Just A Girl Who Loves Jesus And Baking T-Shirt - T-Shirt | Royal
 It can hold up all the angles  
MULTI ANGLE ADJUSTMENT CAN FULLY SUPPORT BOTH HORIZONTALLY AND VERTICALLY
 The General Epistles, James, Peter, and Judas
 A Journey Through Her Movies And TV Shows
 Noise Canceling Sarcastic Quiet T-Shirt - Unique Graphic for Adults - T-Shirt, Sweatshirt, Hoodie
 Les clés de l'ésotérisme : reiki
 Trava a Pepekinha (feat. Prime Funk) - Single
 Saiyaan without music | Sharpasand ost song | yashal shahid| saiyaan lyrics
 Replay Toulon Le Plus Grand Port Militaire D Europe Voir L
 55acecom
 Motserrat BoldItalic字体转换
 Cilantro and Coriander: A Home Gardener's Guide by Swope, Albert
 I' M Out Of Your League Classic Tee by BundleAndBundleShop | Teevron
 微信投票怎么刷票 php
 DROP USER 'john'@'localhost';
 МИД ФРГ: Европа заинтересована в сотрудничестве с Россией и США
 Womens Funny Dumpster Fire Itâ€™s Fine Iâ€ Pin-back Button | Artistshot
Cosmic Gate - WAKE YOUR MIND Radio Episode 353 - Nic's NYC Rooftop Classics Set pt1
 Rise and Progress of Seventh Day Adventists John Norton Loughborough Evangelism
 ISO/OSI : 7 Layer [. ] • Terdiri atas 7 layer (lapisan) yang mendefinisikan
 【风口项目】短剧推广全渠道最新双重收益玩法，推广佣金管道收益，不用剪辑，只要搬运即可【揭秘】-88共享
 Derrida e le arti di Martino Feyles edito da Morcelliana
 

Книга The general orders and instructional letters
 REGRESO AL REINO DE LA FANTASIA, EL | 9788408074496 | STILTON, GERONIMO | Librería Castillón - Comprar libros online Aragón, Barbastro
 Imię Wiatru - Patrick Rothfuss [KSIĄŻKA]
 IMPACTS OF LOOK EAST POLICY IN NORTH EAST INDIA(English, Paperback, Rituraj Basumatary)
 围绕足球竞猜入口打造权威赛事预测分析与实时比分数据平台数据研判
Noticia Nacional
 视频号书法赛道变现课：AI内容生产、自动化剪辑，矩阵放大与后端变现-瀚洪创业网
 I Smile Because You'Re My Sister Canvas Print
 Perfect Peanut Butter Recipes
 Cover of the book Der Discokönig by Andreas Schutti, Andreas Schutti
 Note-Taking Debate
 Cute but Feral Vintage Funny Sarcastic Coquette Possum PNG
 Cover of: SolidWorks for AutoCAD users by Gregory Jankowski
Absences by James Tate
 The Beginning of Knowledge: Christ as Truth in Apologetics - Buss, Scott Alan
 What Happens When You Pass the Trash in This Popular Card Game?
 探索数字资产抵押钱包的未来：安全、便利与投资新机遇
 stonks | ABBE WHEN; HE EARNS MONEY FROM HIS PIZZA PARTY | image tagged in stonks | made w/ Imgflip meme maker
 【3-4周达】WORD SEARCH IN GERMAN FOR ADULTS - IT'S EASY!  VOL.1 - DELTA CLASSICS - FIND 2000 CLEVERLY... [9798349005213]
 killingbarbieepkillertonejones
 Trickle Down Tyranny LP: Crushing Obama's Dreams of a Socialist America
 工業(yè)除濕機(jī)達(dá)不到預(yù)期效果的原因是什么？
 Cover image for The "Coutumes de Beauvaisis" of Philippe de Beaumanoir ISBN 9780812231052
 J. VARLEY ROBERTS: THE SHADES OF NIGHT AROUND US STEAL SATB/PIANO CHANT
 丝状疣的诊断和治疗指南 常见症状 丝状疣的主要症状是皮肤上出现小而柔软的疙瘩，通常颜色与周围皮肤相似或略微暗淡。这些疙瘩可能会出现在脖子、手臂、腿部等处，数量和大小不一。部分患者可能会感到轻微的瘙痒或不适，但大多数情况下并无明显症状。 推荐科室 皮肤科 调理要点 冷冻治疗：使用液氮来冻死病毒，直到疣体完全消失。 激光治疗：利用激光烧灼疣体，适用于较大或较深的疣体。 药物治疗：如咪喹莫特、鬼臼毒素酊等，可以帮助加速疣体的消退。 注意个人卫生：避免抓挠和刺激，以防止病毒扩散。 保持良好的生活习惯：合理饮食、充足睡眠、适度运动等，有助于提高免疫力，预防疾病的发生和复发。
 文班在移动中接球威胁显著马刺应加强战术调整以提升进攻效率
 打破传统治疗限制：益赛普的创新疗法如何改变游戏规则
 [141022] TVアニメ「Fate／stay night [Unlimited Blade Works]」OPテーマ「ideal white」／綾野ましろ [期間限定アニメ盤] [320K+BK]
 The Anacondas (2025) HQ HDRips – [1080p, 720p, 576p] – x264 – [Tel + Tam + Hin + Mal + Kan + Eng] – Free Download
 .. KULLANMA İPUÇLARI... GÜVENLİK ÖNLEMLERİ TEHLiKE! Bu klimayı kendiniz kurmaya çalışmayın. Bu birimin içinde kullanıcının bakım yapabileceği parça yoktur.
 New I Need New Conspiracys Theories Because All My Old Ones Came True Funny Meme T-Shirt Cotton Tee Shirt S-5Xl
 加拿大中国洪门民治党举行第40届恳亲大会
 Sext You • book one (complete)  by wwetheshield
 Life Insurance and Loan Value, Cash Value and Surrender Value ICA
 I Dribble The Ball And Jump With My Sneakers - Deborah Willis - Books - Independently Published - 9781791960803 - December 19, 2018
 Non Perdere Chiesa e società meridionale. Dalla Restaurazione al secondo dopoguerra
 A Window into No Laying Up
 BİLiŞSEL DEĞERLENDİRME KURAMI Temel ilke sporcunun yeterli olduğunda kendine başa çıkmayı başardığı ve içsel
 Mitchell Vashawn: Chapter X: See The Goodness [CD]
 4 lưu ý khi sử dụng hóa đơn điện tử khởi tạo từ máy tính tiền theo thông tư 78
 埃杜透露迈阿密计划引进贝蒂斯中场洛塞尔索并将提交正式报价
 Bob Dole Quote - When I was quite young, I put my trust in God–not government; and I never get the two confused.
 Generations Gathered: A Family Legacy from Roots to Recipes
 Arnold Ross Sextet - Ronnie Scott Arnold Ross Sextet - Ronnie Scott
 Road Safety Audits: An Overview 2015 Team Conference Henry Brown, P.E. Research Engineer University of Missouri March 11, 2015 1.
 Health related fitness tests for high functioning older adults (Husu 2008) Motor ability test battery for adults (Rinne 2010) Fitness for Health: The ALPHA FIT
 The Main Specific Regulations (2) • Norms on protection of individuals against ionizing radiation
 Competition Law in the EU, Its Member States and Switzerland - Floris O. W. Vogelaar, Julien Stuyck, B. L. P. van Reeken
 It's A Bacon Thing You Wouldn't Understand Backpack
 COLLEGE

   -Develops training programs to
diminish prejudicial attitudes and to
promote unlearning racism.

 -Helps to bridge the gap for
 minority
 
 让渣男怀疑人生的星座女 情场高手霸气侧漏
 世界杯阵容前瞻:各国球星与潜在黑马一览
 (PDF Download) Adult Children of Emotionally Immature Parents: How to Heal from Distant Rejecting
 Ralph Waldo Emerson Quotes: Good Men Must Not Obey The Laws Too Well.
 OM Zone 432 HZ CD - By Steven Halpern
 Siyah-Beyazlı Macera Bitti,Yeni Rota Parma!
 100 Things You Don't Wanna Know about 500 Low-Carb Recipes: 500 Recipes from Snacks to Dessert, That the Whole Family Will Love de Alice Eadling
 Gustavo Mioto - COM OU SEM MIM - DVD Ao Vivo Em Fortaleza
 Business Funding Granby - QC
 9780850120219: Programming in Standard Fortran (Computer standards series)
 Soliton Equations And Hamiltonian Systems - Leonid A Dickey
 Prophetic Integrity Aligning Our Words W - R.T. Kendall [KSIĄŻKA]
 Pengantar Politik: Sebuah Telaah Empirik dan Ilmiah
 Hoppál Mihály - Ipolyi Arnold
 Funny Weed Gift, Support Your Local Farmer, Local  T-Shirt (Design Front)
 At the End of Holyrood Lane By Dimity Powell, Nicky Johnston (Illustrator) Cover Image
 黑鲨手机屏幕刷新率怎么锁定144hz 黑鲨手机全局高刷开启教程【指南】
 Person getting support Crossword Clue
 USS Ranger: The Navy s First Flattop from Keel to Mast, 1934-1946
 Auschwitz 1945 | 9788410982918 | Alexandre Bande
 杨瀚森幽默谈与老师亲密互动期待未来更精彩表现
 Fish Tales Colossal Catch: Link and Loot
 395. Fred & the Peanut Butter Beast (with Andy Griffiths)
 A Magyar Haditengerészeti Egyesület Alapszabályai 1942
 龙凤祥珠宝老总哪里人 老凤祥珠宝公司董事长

----------------------------------------

** What you should do **
Retype only this portion of the data above: the line containing "让渣男怀疑人生的星座女 情场高手霸气侧漏", the line containing "Siyah-Beyazlı Macera Bitti,Yeni Rota Parma!", and all lines between them, exactly.

** Written answer **
 让渣男怀疑人生的星座女 情场高手霸气侧漏
 世界杯阵容前瞻:各国球星与潜在黑马一览
 (PDF Download) Adult Children of Emotionally Immature Parents: How to Heal from Distant Rejecting
 Ralph Waldo Emerson Quotes: Good Men Must Not Obey The Laws Too Well.
 OM Zone 432 HZ CD - By Steven Halpern
 Siyah-Beyazlı Macera Bitti,Yeni Rota Parma!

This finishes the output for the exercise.